What is needed:
Once "ANTIQUE COLLECTION Antique" turns up in a line below, reproduce that line and those after it exactly, stopping after the line with "Iowa Hawkeyes Hawaiian"; leave pictures out.

Records provided:
= = = = =

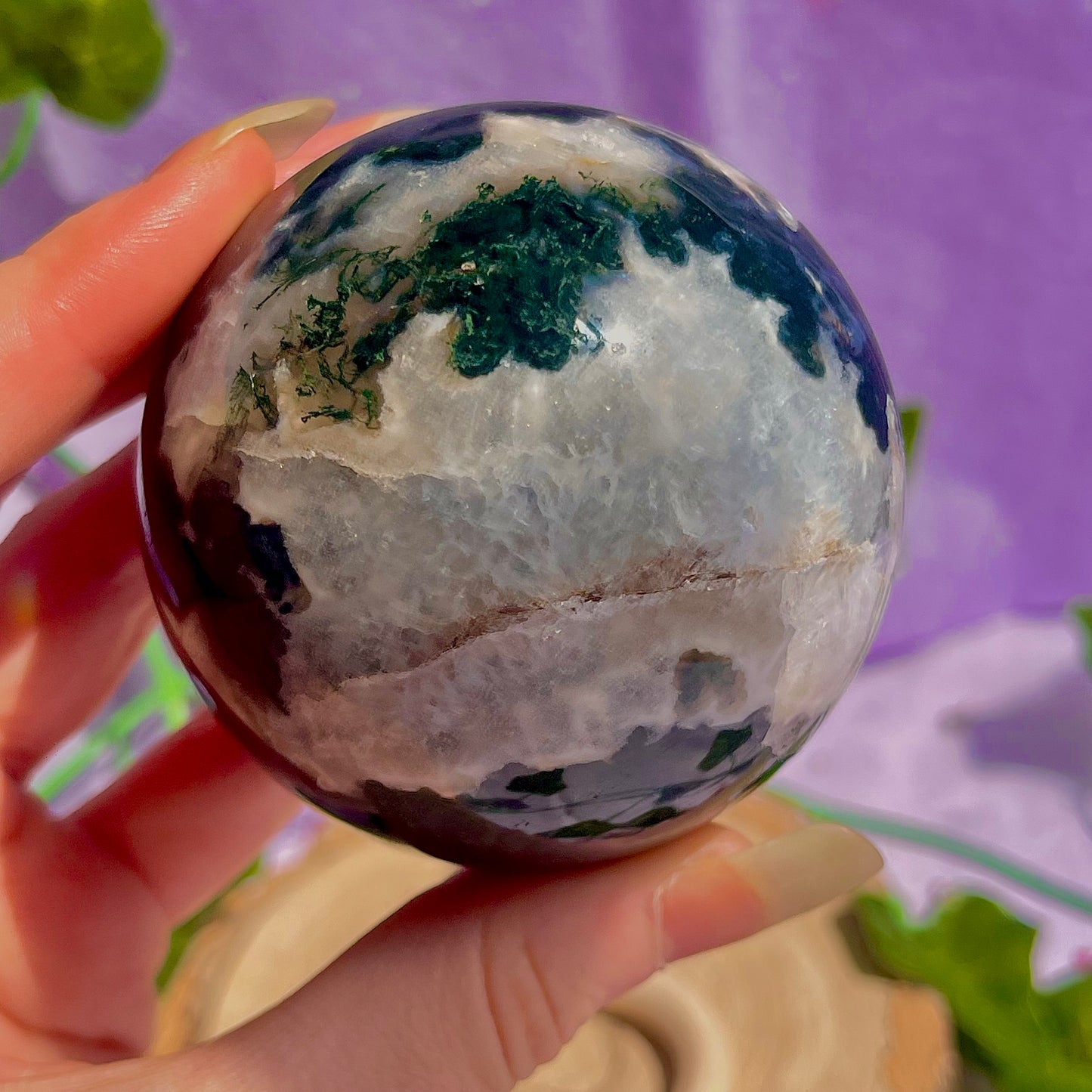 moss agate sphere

= = = = =

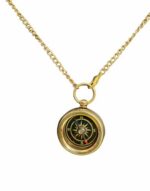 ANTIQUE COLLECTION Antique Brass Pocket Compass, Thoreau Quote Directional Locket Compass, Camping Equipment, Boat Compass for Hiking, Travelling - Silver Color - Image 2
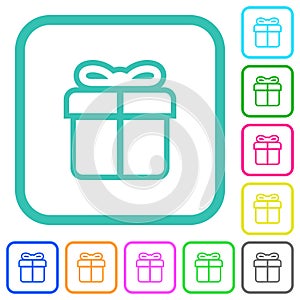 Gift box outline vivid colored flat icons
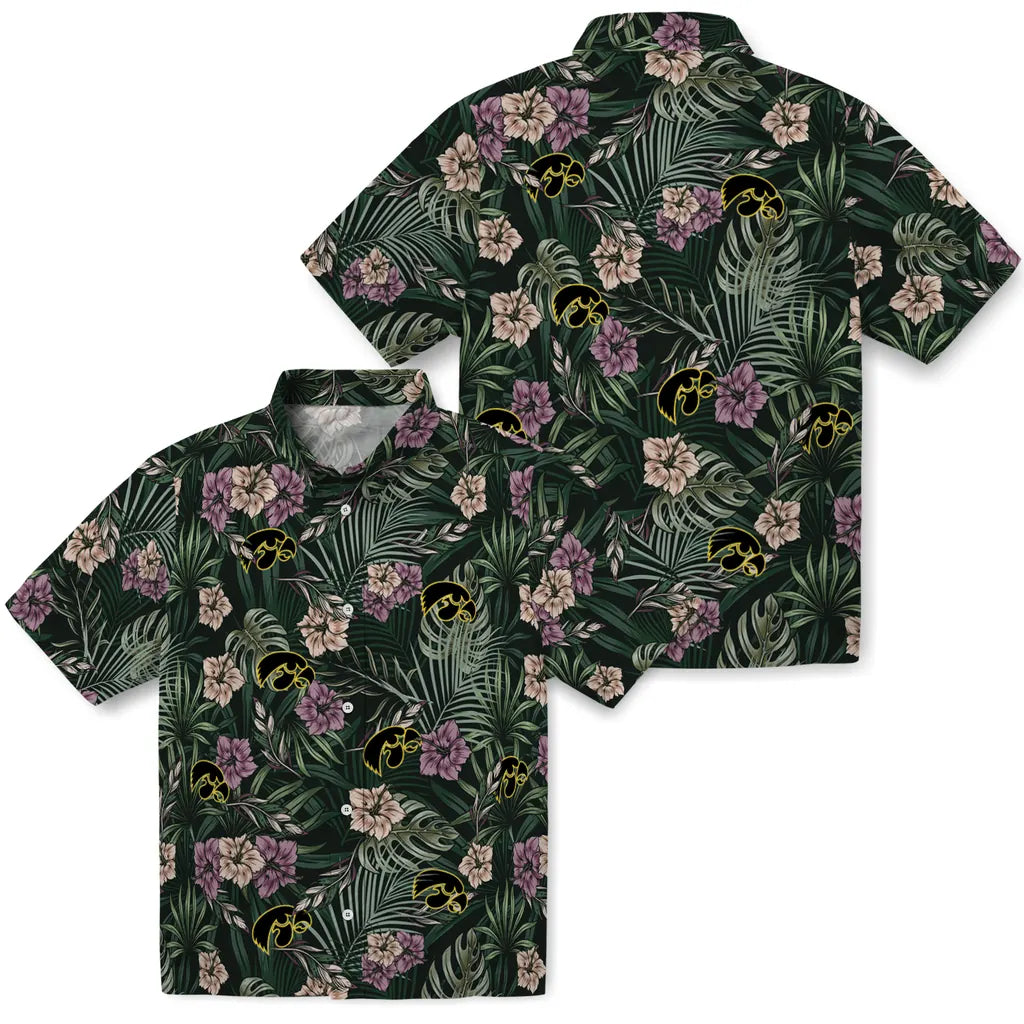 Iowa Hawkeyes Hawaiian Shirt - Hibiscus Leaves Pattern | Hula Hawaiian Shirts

= = = = =

Result of the task:
 ANTIQUE COLLECTION Antique Brass Pocket Compass, Thoreau Quote Directional Locket Compass, Camping Equipment, Boat Compass for Hiking, Travelling - Silver Color - Image 2
 Gift box outline vivid colored flat icons
 Iowa Hawkeyes Hawaiian Shirt - Hibiscus Leaves Pattern | Hula Hawaiian Shirts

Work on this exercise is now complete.